Publication details

Key raw materials for Neolithic shoe-last celts and axes in Central Europe: their sources and distribution

Authors

PŘICHYSTAL Antonín

Year of publication 2015
Type Chapter of a book
MU Faculty or unit

Faculty of Science

Citation
Description Since the beginning of the Neolithic the amphibole-rich metabasites started to be used for polished shoe-last adzes, shoe-last axes and flat axes in prevalent part of Central Europe. These raw materials were key tool stones for cultures with the Linear Pottery, Stroke-ornamented Pottery and the older stage of Lengyel culture (Moravian Painted Ware I). The metabasites were quarried in a few source areas in Central Europe with the most important in the Jizerské hory Mountains (northern Bohemia). It was established a large distribution net testifying for a relatively stable situation in almost whole Central Europe suitable for the exchange of raw material.
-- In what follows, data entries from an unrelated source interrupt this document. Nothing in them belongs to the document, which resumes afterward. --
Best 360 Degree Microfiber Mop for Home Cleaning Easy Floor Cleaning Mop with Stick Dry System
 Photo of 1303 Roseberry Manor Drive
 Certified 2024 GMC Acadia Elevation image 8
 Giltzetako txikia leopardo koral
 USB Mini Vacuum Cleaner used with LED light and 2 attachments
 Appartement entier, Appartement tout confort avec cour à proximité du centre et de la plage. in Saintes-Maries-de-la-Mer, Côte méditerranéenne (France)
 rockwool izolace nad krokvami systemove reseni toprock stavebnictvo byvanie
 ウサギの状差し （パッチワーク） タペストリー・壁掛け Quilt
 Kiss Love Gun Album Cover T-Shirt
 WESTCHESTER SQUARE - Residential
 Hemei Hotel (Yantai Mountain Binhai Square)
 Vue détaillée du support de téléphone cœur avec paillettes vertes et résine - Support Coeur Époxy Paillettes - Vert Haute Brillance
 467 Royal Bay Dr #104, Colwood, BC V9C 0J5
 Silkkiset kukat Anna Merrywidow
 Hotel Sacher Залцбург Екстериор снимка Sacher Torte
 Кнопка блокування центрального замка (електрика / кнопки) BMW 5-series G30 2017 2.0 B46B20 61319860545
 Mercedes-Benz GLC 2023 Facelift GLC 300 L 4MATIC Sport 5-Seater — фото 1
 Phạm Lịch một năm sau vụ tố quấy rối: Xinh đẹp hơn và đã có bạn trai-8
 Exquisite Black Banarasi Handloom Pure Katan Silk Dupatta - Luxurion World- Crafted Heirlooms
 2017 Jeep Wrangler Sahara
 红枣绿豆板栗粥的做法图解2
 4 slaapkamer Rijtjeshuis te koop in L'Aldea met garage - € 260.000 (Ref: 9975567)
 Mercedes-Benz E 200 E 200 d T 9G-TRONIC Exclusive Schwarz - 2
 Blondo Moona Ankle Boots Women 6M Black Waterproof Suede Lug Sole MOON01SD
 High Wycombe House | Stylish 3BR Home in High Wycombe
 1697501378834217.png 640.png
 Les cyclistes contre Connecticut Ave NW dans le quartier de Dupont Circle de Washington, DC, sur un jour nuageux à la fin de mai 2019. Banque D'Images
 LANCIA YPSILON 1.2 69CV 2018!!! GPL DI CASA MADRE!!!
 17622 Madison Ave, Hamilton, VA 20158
From petrographic point of view the amphibole-rich metabasites represent rocks that underwent after a regional metamorphosis also the thermal metamorphosis at the contact with large Variscan or Cadomian granite plutons. This event improved substantially their properties because of a high content of newly formed fibrous amphiboles and the rocks resembled nephrite. The relatively uniform Early Neolithic raw material basis for polished tools was changed during the Central-European Eneolithic when the distribution net gradually disintegrated in a few smaller ones both connected with individual Eneolithic cultures and specific local stone sources.